O Senado não tem o costume de realizar sessões de votação às segundas-feiras, por isso foi necessário uma intensa mobilização, tanto dos articuladores do governo, que contou com o apoio do presidente do Senado, Davi Alcolumbre( DEM-AP), como dos eleitores, que pressionaram os parlamentares através das redes sociais.

O Plenário aprova o Projeto de Lei de Conversão 11/2019, oriundo da MP 871/2019, que combate irregularidades em benefícios previdenciários. A matéria vai a sanção. (Foto: Roque de Sá/Agência Senado)

Ainda no domingo, a hashtag “#SenadoQuorum871” chegou a ocupar o trending topics do Twitter, com o objetivo de conseguir a presença de pelo menos 41 senadores na sessão, número que formaria o quórum mínimo para iniciar o processo de votação. Já na manhã de segunda, foi a vez da hashtag “#SenadoAprovaMP871” ser levantada pelos usuários da rede social.

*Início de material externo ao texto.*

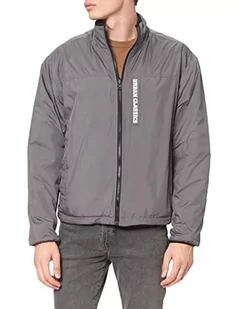 Urban Classics Męska kurtka dwustronna, kurtka zimowa z podszewką Sherpa, kurtka przejściowa z kieszeniami na zamek błyskawiczny, nadruk logo, rozmiar S do 5XL, ciemny khaki/asfaltowy, 3XL - Kurtki męskie - miniaturka - grafika 1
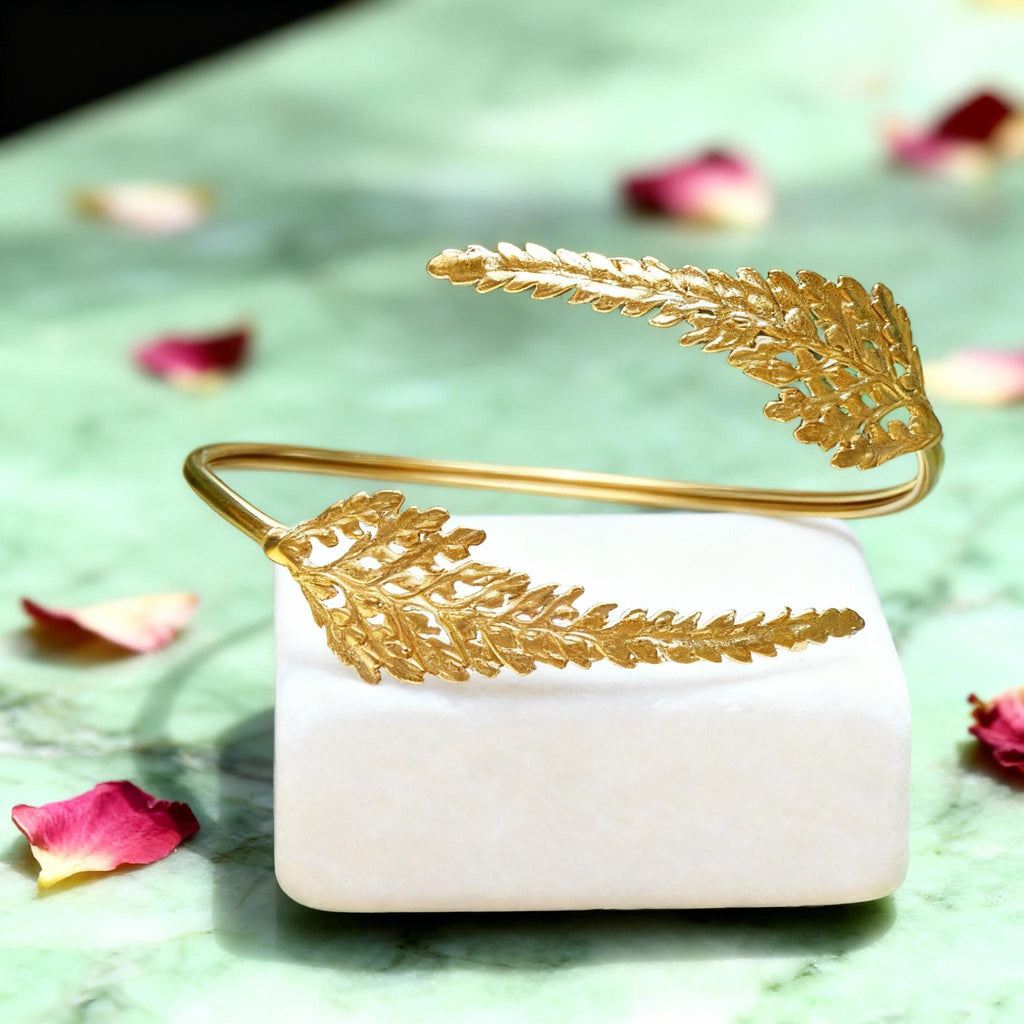Fern Leaf Bracelet: Adjustable Gold-Plated Brass, Nature Inspired-2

Para convencer os senadores sobre a importância da matéria, o ministro da Economia, Paulo Guedes, enviou o secretário de Previdência Rogério Marinho, e técnicos para conversar com os senadores. Eles também estiveram presente no plenário para acompanhar a votação e atuar no convencimento dos parlamentares.

O presidente Jair Bolsonaro avalia que a MP tem “extrema importância” para o que o governo chama de “nova Previdência” e por isso, a mobilização do fim de semana, quando o governo “estabeleceu contato” com senadores.

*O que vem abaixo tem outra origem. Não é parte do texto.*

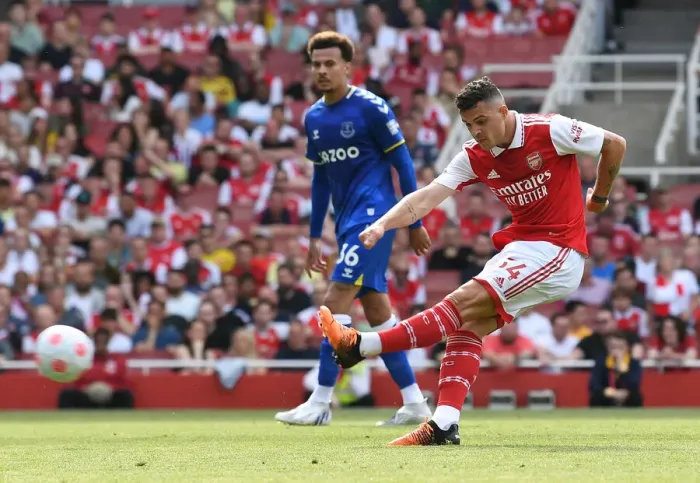 Framed Print : Granit Xhaka: Arsenal's Midfield Maestro in Action against Everton, Premier League 2021-22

Como a MP cria dois programas que preveem bonificação aos peritos, ainda será necessário a aprovação no Congresso de mais um outro projeto, que autoriza gastos extras pelo governo. Somente depois disso será possível que o governo inicie o “pente-fino” nos benefícios, apontando irregularidades.

Durante a votação, o líder do PSL, senador Major Olimpio (SP), lembrou que a MP não retirava direitos, mas combatia crimes. Tem o objetivo de acabar com as fraudes, de responsabilizar “aquele que é o fraudador”.

“Porque o que se está regrando é para combater a fraude, é um crime, não é tirar direito daquele que sagradamente tem que ter a assistência, sim, previdenciária. Não é para tirar o direito de quem tem o benefício da prestação continuada. É para ir ver aquele que é o fraudador para ter o benefício. E R$10 bilhões não é uma economia significativa? É, sim! Se fosse R$1 bilhão seria igualmente significativo”, afirmou Olimpio.